The news of Yahoo's shareholders officially approving the company's sale to Verizon for $4.48 billion is officially locked.The deal however, will close on June 13, 2017.
It is said that Yahoo will change its name to Altaba and re-structure itself as an investment company. Altaba's portfolio will include big slabs of Chinese web concern Alibaba and Yahoo! Japan, a Yahoo!-like service that also branched out into e-commerce, smaller stakes in numerous other companies and a patent portfolio.
The US$4.8bn Verizon decided to pay for Yahoo!'s web assets, after knocking the price down due to security breaches, will become another Altaba asset.
Yahoo's investors will end up with a stake in Altaba, who will then get to figure out, what to do with its assets in pursuit of the obligation to enhance shareholder value.

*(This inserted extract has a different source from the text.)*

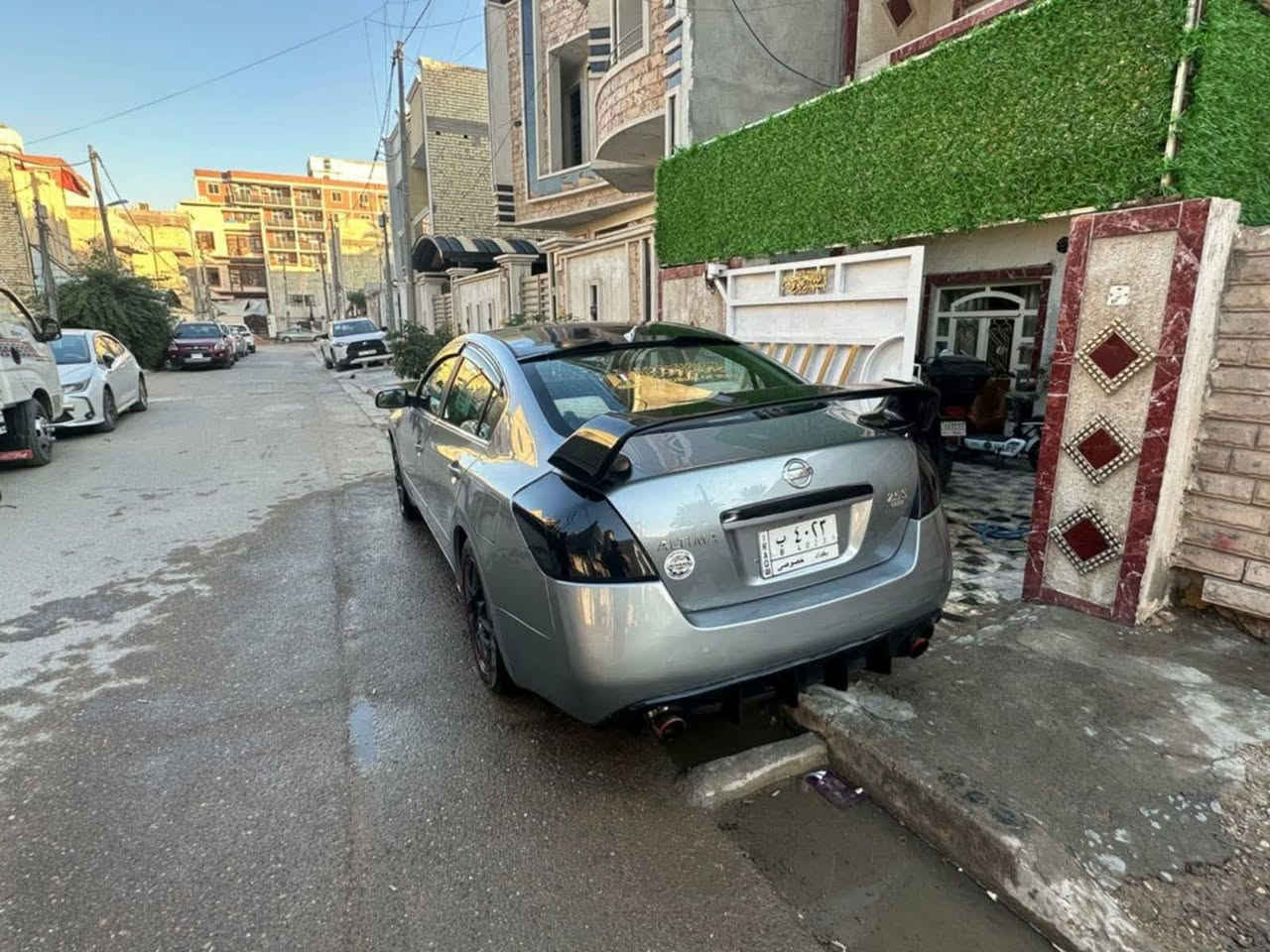 مكينه وكير مكفول محرك2.5
صبغ احزام اثر جراد بدون حادث الحادث فقط جاملغ الخلف السائق.  بأسم صاحبها كهربائية كلها شغاله تبريد ثلج السعر 76 مكاني بغداد.. هاتف ***********!؟؟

Also post the restructuring etc, Yahoo and AOL will be merged into a combined entity called "Oath." And AOL has indicated that it's planning to do over 2,000 layoffs after the final changes take place.
Last but not the least, Marissa Mayer will be stepping down as CEO of Yahoo, though she will still own about $186 million worth of stock when she leaves. Yahoo's purchase price was lowered by $350 million in the wake of the revelation that Yahoo passwords and personal information had been compromised during a massive hacking attack earlier.
Those layoffs will be even more bitter for the fact that Yahoo's shareholders also signed off on executive compensation packages that will see millions land in the pockets of managers who engineered a sale but could not turn the company's fortunes around.
Yahoo's 23-year run as an independent company since 1994, was dominant search engine, also added a portal, messaging, email, music, multi-player games and for many other services. But the company's services started to look flunky compared to those offered by Google and it was quickly losing market share.